You have n processes forming a rooted tree structure. You are given two integer arrays pid and ppid, where pid[i] is the ID of the ith process and ppid[i] is the ID of the ith process’s parent process.

Each process has only one parent process but may have multiple children processes. Only one process has ppid[i] = 0, which means this process has no parent process (the root of the tree).

When a process is killed, all of its children processes will also be killed.
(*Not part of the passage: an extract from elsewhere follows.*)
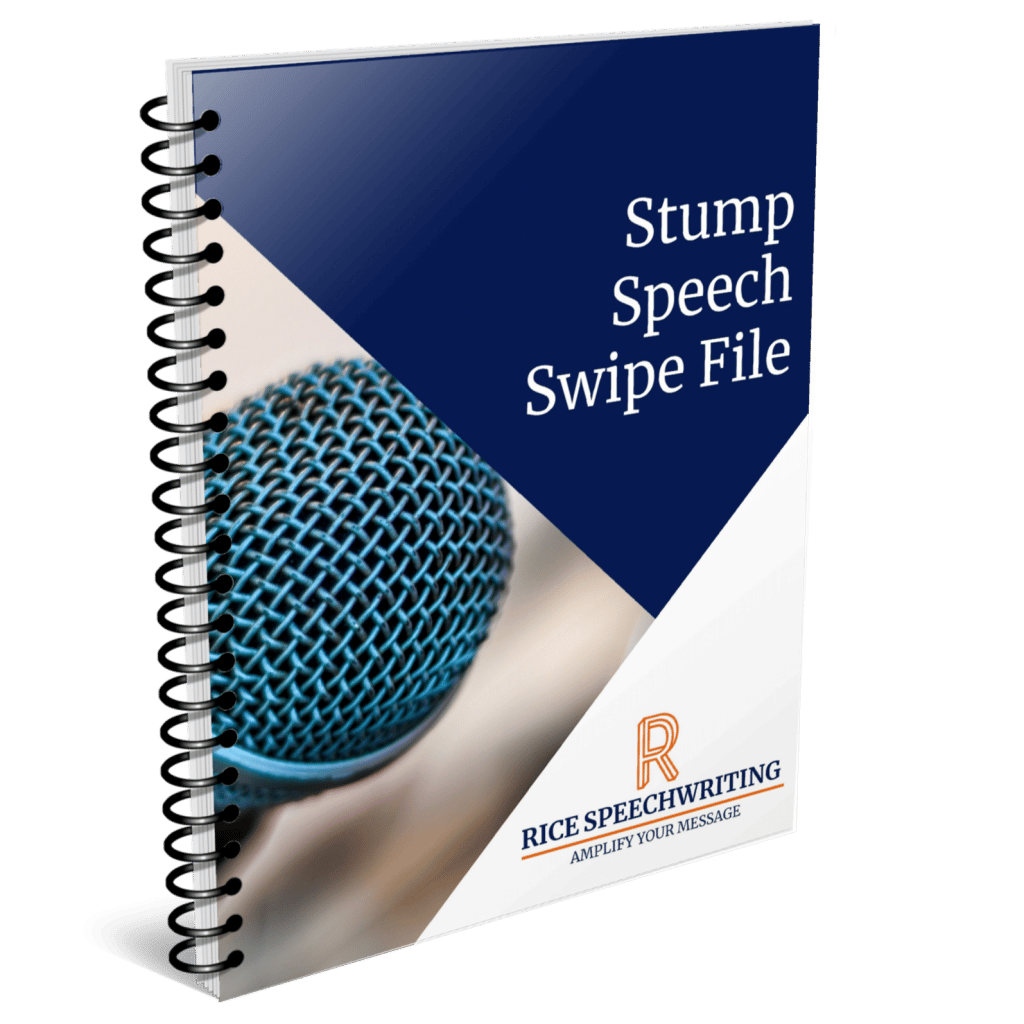 Stump Speech Swipe File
Given an integer kill representing the ID of a process you want to kill, return a list of the IDs of the processes that will be killed. You may return the answer in any order.

Example 1:

Input: pid = [1,3,10,5], ppid = [3,0,5,3], kill = 5
Output: [5,10]
Explanation: The processes colored in red are the processes that should be killed.

Example 2:

Input: pid = [1], ppid = [0], kill = 1
Output: [1]

Constraints:

• n == pid.length
• n == ppid.length
• $1 <= n <= 5 * 10^4$
• $1 <= pid[i] <= 5 * 10^4$
• $0 <= ppid[i] <= 5 * 10^4$
• Only one process has no parent.
• All the values of pid are unique.
• kill is guaranteed to be in pid.

Code

class Solution {
    public List<Integer> killProcess(List<Integer> pid, List<Integer> ppid, int kill) {
        // parent: a list of child
        HashMap<Integer, List<Integer>> map = new HashMap<>();

        for(int i = 0; i < pid.size(); i++){
            int parent = ppid.get(i);
            int child = pid.get(i);
            if(!map.containsKey(parent)){
                map.put(parent, new ArrayList<>());
            }

            map.get(parent).add(child);
        }

        List<Integer> res = new ArrayList<>();

        dfs(res, map, kill);
        return res;
    }

    private void dfs(List<Integer> res, HashMap<Integer, List<Integer>> map, int kill){
        res.add(kill);
        if(!map.containsKey(kill)) return;

        for(int sub : map.get(kill)){
            dfs(res, map, sub);
        }
    }
}